[[ Record set, beginning ]]

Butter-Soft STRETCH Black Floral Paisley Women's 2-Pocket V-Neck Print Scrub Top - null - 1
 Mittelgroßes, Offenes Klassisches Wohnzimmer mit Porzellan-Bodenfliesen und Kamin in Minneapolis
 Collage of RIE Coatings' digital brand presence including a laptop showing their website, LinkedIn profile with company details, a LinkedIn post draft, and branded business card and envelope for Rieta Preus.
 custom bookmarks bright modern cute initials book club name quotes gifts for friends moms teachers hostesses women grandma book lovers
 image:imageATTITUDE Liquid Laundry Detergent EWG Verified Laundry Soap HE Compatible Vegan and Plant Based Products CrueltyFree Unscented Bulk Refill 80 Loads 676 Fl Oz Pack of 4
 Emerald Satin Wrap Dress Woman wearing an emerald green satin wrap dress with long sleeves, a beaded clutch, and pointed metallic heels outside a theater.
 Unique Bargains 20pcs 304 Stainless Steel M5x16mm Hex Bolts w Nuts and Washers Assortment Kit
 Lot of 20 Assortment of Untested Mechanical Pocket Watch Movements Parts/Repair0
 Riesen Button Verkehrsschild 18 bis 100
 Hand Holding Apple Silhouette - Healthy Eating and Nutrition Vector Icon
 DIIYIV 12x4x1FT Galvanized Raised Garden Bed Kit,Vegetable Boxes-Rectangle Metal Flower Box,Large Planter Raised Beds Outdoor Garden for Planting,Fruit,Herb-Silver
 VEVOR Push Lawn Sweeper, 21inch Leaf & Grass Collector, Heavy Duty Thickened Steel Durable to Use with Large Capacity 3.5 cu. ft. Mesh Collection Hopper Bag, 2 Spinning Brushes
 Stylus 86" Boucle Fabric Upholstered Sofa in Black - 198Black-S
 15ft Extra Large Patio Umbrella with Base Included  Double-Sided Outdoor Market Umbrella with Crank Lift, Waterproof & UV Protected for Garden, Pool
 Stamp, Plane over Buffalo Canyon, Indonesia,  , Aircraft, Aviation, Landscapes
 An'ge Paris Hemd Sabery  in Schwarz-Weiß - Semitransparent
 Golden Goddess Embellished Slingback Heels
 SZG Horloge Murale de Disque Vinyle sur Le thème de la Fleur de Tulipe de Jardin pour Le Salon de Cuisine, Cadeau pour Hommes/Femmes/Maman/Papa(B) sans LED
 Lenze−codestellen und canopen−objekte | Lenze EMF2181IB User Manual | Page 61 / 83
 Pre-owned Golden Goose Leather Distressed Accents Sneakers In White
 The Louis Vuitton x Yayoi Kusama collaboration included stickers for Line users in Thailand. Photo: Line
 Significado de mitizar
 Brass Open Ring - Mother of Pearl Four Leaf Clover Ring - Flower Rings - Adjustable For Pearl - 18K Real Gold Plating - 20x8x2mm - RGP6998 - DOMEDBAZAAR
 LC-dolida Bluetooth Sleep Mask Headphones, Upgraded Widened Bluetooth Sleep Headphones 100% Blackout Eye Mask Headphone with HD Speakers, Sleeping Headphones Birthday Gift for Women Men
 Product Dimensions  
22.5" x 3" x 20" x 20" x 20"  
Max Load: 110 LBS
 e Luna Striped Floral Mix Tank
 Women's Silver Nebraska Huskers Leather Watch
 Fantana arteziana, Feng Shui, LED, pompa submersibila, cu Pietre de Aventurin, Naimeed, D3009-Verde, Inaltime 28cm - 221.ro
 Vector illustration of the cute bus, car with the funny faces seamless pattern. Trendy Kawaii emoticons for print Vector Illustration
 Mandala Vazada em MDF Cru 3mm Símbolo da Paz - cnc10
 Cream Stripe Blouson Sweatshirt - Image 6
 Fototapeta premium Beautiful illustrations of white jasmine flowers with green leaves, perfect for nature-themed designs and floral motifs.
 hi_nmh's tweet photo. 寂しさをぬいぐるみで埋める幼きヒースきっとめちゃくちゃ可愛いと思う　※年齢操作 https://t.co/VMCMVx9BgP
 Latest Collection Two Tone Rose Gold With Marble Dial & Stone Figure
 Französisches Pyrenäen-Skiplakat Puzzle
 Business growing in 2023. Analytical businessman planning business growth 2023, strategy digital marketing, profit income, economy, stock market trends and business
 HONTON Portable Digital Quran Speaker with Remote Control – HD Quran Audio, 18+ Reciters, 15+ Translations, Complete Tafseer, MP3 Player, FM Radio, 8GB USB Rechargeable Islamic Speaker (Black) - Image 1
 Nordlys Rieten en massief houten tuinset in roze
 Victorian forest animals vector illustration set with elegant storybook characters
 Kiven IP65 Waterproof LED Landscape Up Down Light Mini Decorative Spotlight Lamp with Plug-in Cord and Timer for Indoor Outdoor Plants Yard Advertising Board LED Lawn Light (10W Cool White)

[[ Record set, end ]]

• _Task requirements_: Among the lines above, return those that hold the word "business".

• _Written response_:
 Collage of RIE Coatings' digital brand presence including a laptop showing their website, LinkedIn profile with company details, a LinkedIn post draft, and branded business card and envelope for Rieta Preus.
 Business growing in 2023. Analytical businessman planning business growth 2023, strategy digital marketing, profit income, economy, stock market trends and business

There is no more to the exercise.